**Items from a data source:**

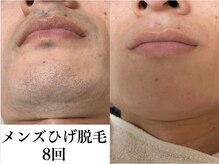男性の方のひげ脱毛(1回/5500円)、、お肌のお手入れも大好評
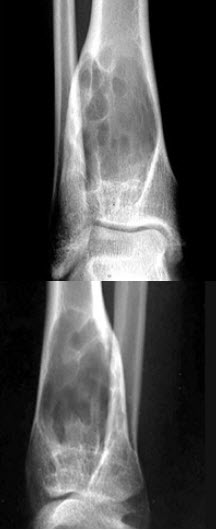 女，26岁，右踝部疼痛，结合图像，最可能的诊断是()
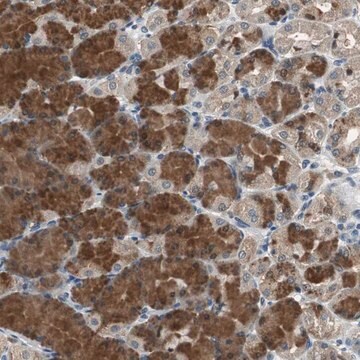 Anti-PI4KB antibody produced in rabbit Ab2, Prestige Antibodies&#174; Powered by Atlas Antibodies, affinity isolated antibody, buffered aqueous glycerol solution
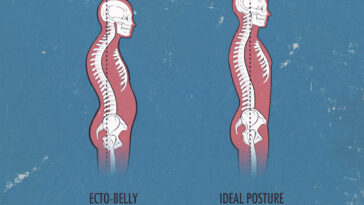 Why do I have a big belly but I'm not fat?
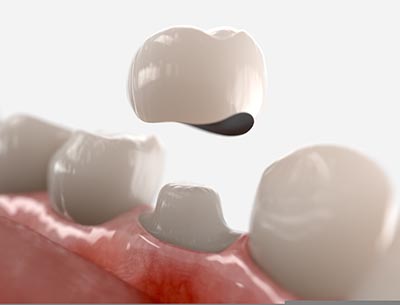 Can I get a tooth cap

**YOUR TASK:** The reply must consist of the records, repeated exactly, minus any images.

**RESPONSE TO THE TASK:**
男性の方のひげ脱毛(1回/5500円)、、お肌のお手入れも大好評
 女，26岁，右踝部疼痛，结合图像，最可能的诊断是()
 Anti-PI4KB antibody produced in rabbit Ab2, Prestige Antibodies&#174; Powered by Atlas Antibodies, affinity isolated antibody, buffered aqueous glycerol solution
 Why do I have a big belly but I'm not fat?
 Can I get a tooth cap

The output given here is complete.